> Work required: Search the material below for "head" and copy every line where it occurs.

> Data to process:
********************
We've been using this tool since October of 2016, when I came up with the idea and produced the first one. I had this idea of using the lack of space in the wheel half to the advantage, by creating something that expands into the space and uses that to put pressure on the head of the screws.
********************
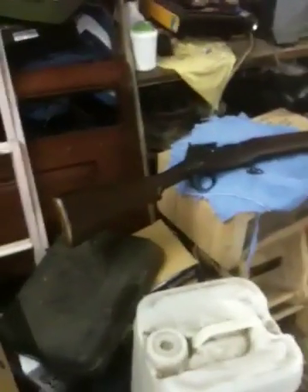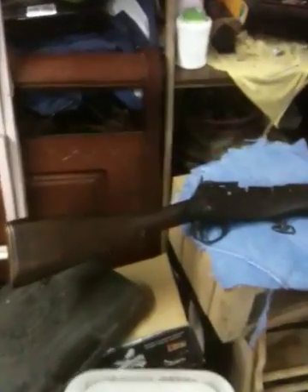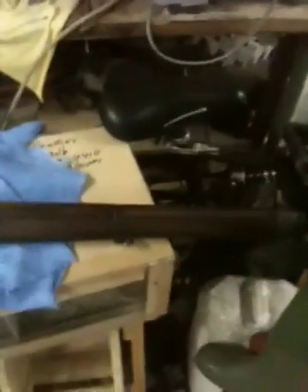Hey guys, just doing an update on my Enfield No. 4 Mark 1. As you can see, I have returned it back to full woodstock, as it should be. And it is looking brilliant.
********************
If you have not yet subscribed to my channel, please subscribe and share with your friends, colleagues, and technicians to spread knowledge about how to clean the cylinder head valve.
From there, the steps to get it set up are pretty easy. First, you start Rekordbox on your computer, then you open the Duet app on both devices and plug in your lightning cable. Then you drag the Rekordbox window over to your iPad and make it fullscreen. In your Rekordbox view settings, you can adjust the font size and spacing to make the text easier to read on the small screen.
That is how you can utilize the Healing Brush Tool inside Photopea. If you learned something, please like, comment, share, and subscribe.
********************
> Answer:
We've been using this tool since October of 2016, when I came up with the idea and produced the first one. I had this idea of using the lack of space in the wheel half to the advantage, by creating something that expands into the space and uses that to put pressure on the head of the screws.
If you have not yet subscribed to my channel, please subscribe and share with your friends, colleagues, and technicians to spread knowledge about how to clean the cylinder head valve.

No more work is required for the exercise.